Previously: Jan 9 2013: MPD Tracking OccupyMN Facebook BBQs: Minneapolis "secret" Strategic Information Center / Emergency Operations and Training Facility 25 37th Ave NE in Fridley // MPD Homeland Security Unit at Cruz House: Minneapolis Police Department data request on Occupy Minnesota finally released; sketchy anti-Occupy fusion-style police material from Nevada // Dec 14 2012: Mordor Mayor Rybak makes moves to hide Minneapolis panopticon: Total Minneapolis Awareness Automatic License Plate Reader records form 'retroactive surveillance' empire. Ye Gods we keep catching substantial fish!

The issue of abusive operations in the MN Department of Public Safety-controlled DVS database is becoming a major issue recently, with the decidedly unlikely duo of Republican-aligned Hennepin County Sheriff Rich Stanek and indefatigable Star Tribune reporter Randy Furst both finding highly indefensible query activity on their records. Minn. driver’s license data snoopers are difficult to track | StarTribune.com:

Despite widespread misuse of driver's license records in Minnesota, determining just who is peeking into your files can prove nearly impossible.

The Minnesota Department of Public Safety, which oversees the driver's license database, refuses to tell people the names of users -- generally public employees -- who have looked up their information. Perhaps the most high-profile citizen getting stonewalled by the state is Hennepin County Sheriff Rich Stanek, who is sparring with the department over what he believes were inappropriate queries into his driver's license records.

The Driver and Vehicle Services (DVS) database, which contains addresses, photographs and driving records on nearly every Minnesotan, is protected under state and federal law. State records show that public employees frequently have misused the database by running people's names without a business purpose. That is the subject of a major lawsuit that recently ensnared police officers across Minnesota, as well as a criminal case pending against two Minneapolis employees.

Stanek learned in June that employees at 21 agencies, including his own office, had accessed his records over several years. Some of the queries came from as far away as Wells, Minn., a small town 117 miles south of Minneapolis that he has never visited. The Department of Public Safety would not provide him with the names of the users.

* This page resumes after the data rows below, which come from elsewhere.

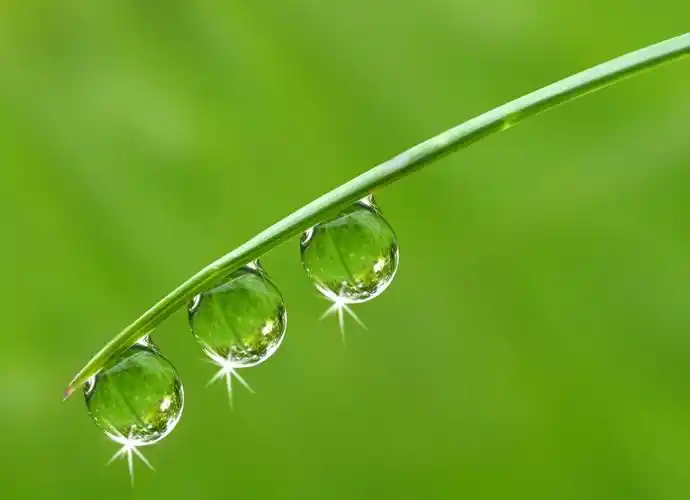 唯美树叶水珠水滴写真高清图片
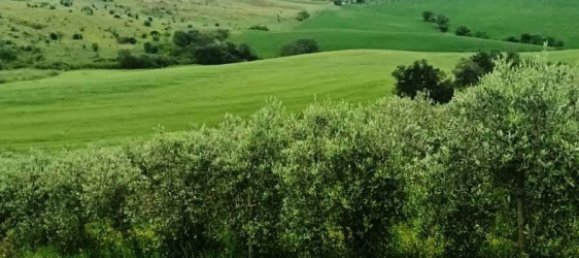 Terreno en Magliano in Toscana, Italy 110000 m² No. 112319 7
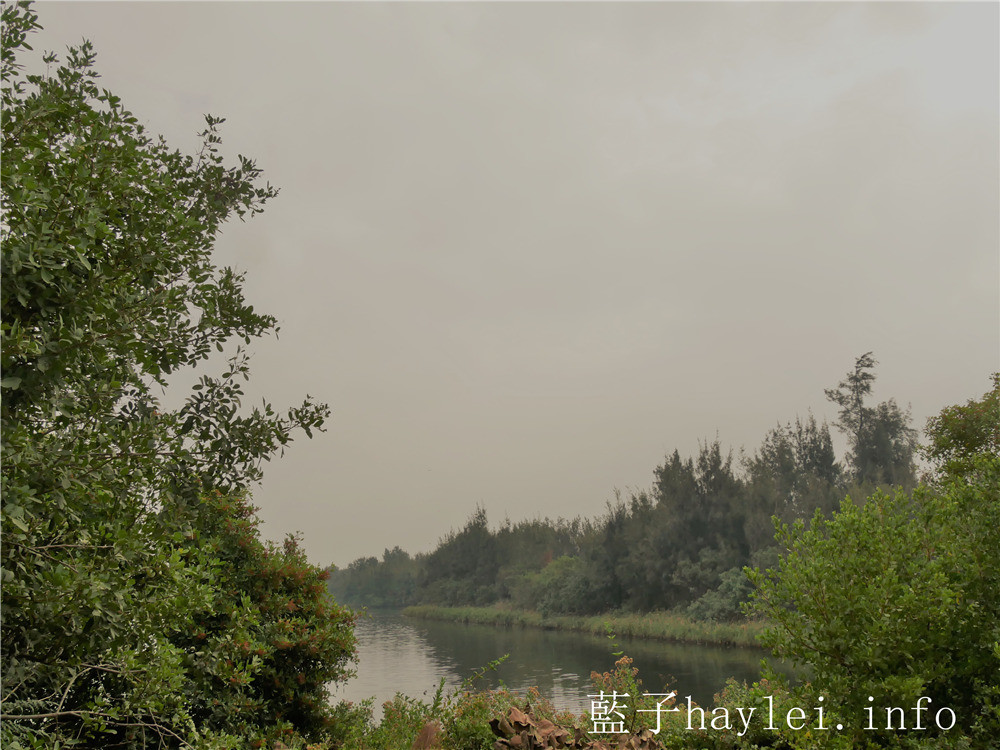 雲林口湖/椬梧滯洪池(Yiwu Wet Pond)-口湖自然生態地標,雲林版小日月潭秘境景點,ig打卡秘境、雲林私房景點推薦!雲嘉南好好玩/雲嘉南旅遊/雲林海線/雲林旅遊/口湖鄉景點推薦/藍子愛旅行 國內旅遊 攝影 民生資訊分享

"I believe that some or all of these requests may have been without a legitimate government purpose," Stanek wrote in a December letter to the Department of Administration, asking for an advisory opinion on the matter. The Department of Public Safety "and DVS appear to have purposely created obstacles to deny me an opportunity to track illegitimate access."

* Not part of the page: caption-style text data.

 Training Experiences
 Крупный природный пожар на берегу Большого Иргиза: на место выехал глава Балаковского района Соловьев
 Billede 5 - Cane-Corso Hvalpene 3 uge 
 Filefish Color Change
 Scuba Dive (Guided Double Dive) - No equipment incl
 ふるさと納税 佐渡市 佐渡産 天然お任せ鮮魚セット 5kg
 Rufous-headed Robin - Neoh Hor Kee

Stanek had made two previous requests for his lookups out of curiosity, and was surprised by how many agencies had queried his name.

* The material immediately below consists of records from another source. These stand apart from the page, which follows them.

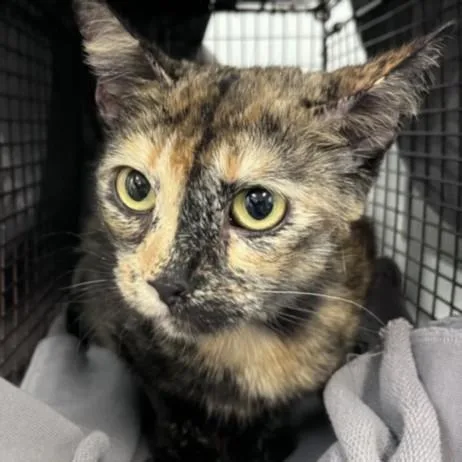 An adult medium-sized female Domestic Short Hair cat named Maggie for adoption in Los Angeles, CA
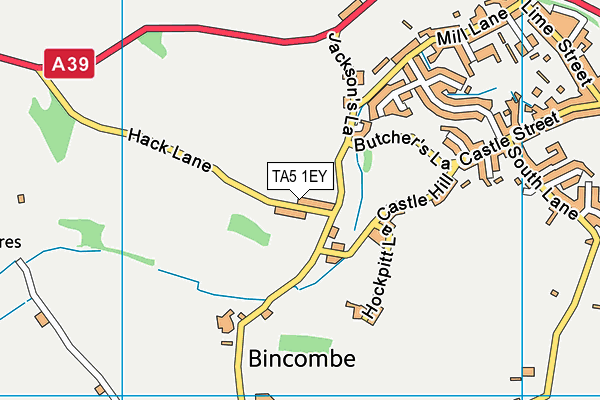 TA5 1EY map - OS VectorMap District (Ordnance Survey)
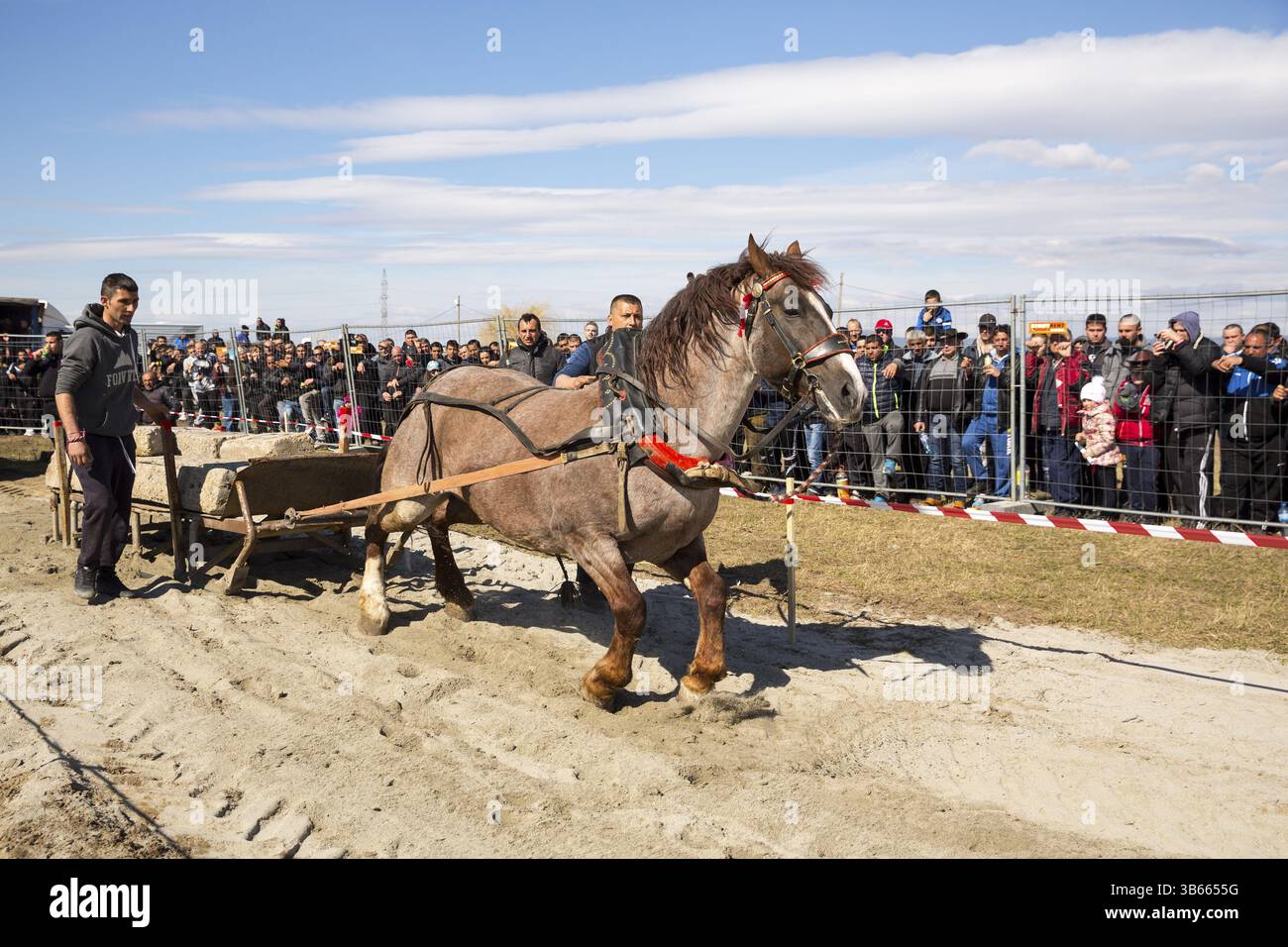 Sofia, Bulgarie - 3 mars, 2017 : les chevaux et leurs propriétaires participent à un tournoi de tirer lourd. Les animaux doit tirer une charge de centaines de kilogra Banque D'Images Sofia, Bulgarie - 3 mars, 2017 : les chevaux et leurs propriétaires participent à un tournoi de tirer lourd. Les animaux doit tirer une charge de centaines de kilogra Banque D'Images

This time, he says, a security concern prompted his request for the lookups.

He believes the state has an obligation to show that the lookups had a legitimate purpose, even if they do not hand over the names.

Anyhow, a source provided a great deal of the Rasmusson legal paperwork obtained via the Minnesota Data Practices Act. I don't think it's around elsewhere on the Internet, so here it is. I haven't looked over too many settlements myself, so this is overall just funny stuff about a serious topic -- nothing like a government formally conceding abuse and paying out hard-collected taxpayer cash to cover for some ridiculous abuse of officially "necessary" authority.

I wonder what kind of world we'd live in if our government units were actually run by people who never screw up like this, wasting all these resources and being generally abusive. There will surely be more inquiries along these lines...

Three parts:

Rassmusson Lawsuit 1 1110 001 (44pgs) - direct download 1.8MB: rassmusson_lawsuit-1-1110_001.pdf

Rassmusson Lawsuit 1 1110 001 by Dan Feidt

Rassmusson Lawsuit 2 1109 001 (5 pgs) - direct download 205KB: rassmusson_lawsuit-2-1109_001.pdf

Rassmusson Lawsuit 2 1109 001 by Dan Feidt

Rassmusson Lawsuit 3 1102 001 (39 pgs) - Direct download 1.9MB: rassmusson_lawsuit-3-1102_001.pdf

Rassmusson Lawsuit 3 1102 001 by Dan Feidt

Leaving it there for now, but hell, something will probably turn up yet again before I even have time to deal with it!!